Abu Bakr Ahmad bin `Amr ad-Dahhak bin Makhlad ash-Shaibani (أبو بكرأحمد بن عمرو بن الضحاك بن مخلد الشيباني), widely known as Ibn Abi Asim (ابن أبي عاصم), was an Iraqi Sunni scholar of the 9th century. He is most famous for his work in the field of hadith science.

==Biography==

===Family and early life===
Ibn Abi Asim was born in Basra, Iraq in 822. He grew up in an academic household, as both his father and his grandfather were scholars of Prophetic traditions in their own right. Due to his family's scholarly background, he was educated in the religious sciences at an early age.

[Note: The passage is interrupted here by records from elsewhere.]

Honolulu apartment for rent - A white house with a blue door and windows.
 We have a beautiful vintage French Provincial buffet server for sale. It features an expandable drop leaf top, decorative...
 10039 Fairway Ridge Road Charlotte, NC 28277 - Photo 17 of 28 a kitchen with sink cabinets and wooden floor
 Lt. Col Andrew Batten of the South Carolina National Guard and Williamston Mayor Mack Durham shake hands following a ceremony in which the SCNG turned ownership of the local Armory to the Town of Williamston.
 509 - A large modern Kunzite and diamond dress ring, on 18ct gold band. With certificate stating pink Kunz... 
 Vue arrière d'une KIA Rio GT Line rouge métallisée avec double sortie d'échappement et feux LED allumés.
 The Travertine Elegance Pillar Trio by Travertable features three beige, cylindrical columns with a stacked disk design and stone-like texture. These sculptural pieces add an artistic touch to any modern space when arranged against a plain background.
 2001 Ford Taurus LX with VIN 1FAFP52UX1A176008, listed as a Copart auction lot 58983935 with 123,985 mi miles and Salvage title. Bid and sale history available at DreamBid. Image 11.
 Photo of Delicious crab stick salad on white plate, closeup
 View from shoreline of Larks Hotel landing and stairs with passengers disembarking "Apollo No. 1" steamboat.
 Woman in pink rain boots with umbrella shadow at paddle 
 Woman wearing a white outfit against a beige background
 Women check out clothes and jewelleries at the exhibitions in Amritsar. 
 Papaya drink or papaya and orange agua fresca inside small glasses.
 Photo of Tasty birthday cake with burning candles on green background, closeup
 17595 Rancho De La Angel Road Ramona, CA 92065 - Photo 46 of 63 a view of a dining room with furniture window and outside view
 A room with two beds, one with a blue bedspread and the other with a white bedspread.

While religious learning was often begun in a madrasa or masjid starting in the early teens, Ibn Abi Asim had a head start relative to his time period.

===Career===
Eventually, Ibn Abi Asim left Basra for the city of Isfahan, further to the east. Late in life, he was granted a position as a judge at his new city of residence.

===Death===
Ibn Abi Asim died in Isfahan in the year 900. He was 81 years old and at the time of his death, he was still holding his position as a judge. According to Iranian historian Abu Nu`aym, Ibn Abi Asim was buried in Isfahan's Doshabaz cemetery.

==Legacy==

===Works===
Ibn Abi Asim compiled numerous Prophetic traditions into two volumes, organized into chapters based on different theological and creed-related topics. He had also written about the first-generation Muslim and Umayyad caliph, Mu'awiya, though the work is now lost. Likewise, the exact topic has eluded historians, with Al-Suyuti claiming it was a book on Mu'awiya's dreams, while Ibn Hajar referred to it as a book on Mu'awiya's virtues. It is not known whether the topic Ibn Abi Asim's essay was actually disputed, or if he had simply written about both topics.

===Sunni Muslim evaluation===
Historians Abu al-Abbas al-Niswi and Abu Nu`aym both reported Ibn Abi Asim as having been a Zahiri. Although he has become an important figure for the Zahiri school in the modern day, few of his works in jurisprudence have survived to the modern era.